Here's the part people get wrong: they ask the LLM to do all three jobs and wonder why it's reckless. The winning shape is three separate layers, and the separation is the point.

// 1. LLM proposes a belief — thesis + retrieval. What's the base rate?
//    What did the news just change? Output is a probability, nothing more.
const pYou = await llm(`${question}\n${await retrieve(question)}`); // 0..1
 
// 2. A microstructure model decides the *trade* — not the LLM. Spread,
//    depth, and adverse selection live here, where they're measurable.
const size = microstructure({ pYou, pMkt, spread, depth });
 
// 3. Deterministic risk limits the model cannot talk its way past.
//    Kelly-capped, per-market exposure, daily loss stop. Hard clamp.
const order = riskLimits.clamp(size);

The LLM is good at exactly one thing here: turning messy language (news, base rates, expert priors) into a number $p_{\text{you}}$ . It is bad at sizing, because sizing is arithmetic about spread and bankroll that an autoregressive model will happily hallucinate, and it is dangerous at risk, because the entire failure mode of an overconfident model is that it will argue itself into a bigger bet. So you let the LLM propose and deterministic code dispose. The microstructure layer turns a belief into a stake given liquidity; the risk layer is a clamp the model has no token-level access to. I built hypeduel and mm-bot at B3 on exactly this split, and every time I've let the boundary blur, the blur is where the loss came from.

Why this is the honest eval

Static benchmarks rot. The test set leaks into the next pretraining run, the questions get memorized, and a model can quietly sandbag, underperform on purpose, because nothing is at stake. A market has none of those affordances.
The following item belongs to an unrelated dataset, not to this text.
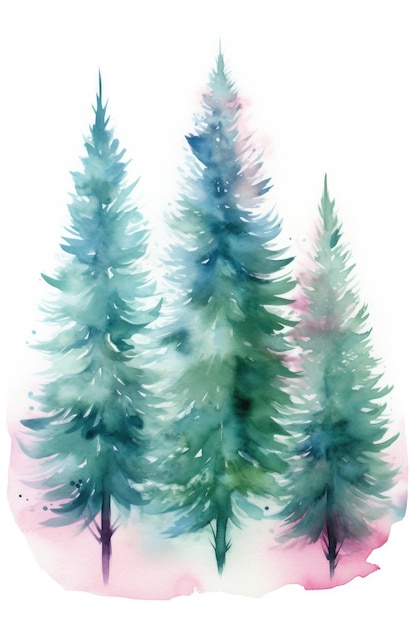 Foto een prachtig aquarel schilderij met drie immergroene bomen dit kunstwerk vangt de sereniteit en natuurlijke schoonheid van deze majestueuze bomen perfect voor het toevoegen van een vleugje natuur aan elke ruimte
You cannot memorize the answer to a question that hasn't resolved. There's no held-out set to leak because the future is the held-out set. And there's no sandbagging, because the only way to score well is to actually move money to the right side of a price, which means the eval has skin in your game, not just the grader's. When I want to know whether a forecasting model is real, I don't want its MMLU number. I want its Brier score on markets that have since resolved, and its P&L net of fees.

The reflexivity problem

The honest caveat, and it's a real one: when bots are 30%+ of the flow, a growing share of them are calibrating against each other. The "crowd" you're trying to beat is increasingly other models, and a market dominated by correlated LLMs can drift away from the ground-truth base rate toward a shared model consensus, confidently, and in lockstep. Calibration against a price is only as honest as the price is anchored to reality. There's also the survivorship problem baked into every leaderboard: you see the wallets that won, not the nine that quietly drained and got deleted, so the "37%" is flattered by the ones who left. And backtested calibration is not live calibration. Fit your bins to history and you've just overfit the eval you swore couldn't be overfit.
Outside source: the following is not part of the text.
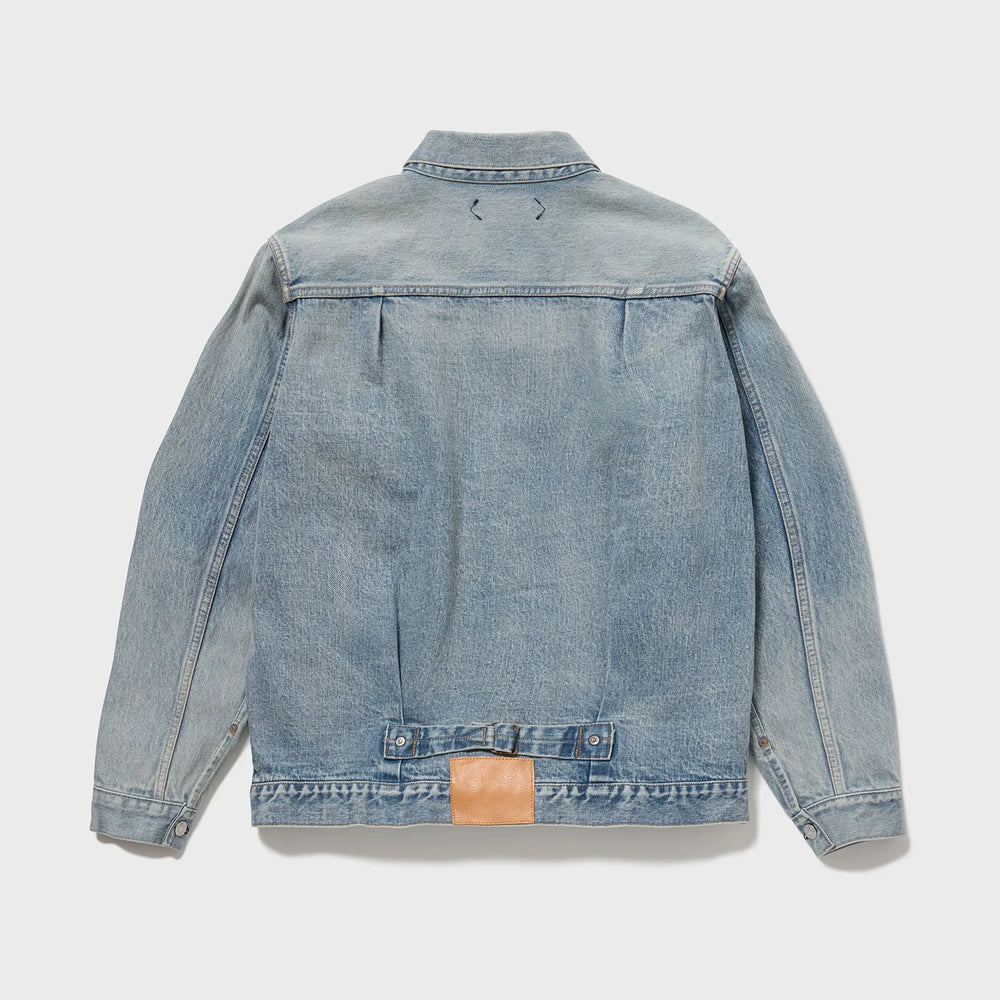 Auberge Bio Denim Jacket Bleach Back View Japanese Denim Jacket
So I'll hold both: a market is the most honest eval we have and a reflexive one, and the second fact is the open research problem, not a footnote. The most interesting agents from here won't be the ones with the best static benchmark. They'll be the ones whose calibration survives contact with a crowd that is increasingly made of other agents. That's a sovereign-compute question as much as a trading one: whose models, on whose hardware, anchored to what. Build a calibrated agent and run it against mine. The P&L will tell us who's right, and that's the only eval I trust.

Numbers compiled May 2026 from CoinDesk, PolyBench, and the Polymarket agents repo. The "14/20 wallets" and "37% vs 7-13%" figures are public-leaderboard and on-chain-analysis snapshots, directional, not peer-reviewed, and flagged inline where I lean on them. The Brier and Murphy derivations are standard (Brier 1950, Murphy 1973); the demos use synthetic, seeded data, not live market feeds.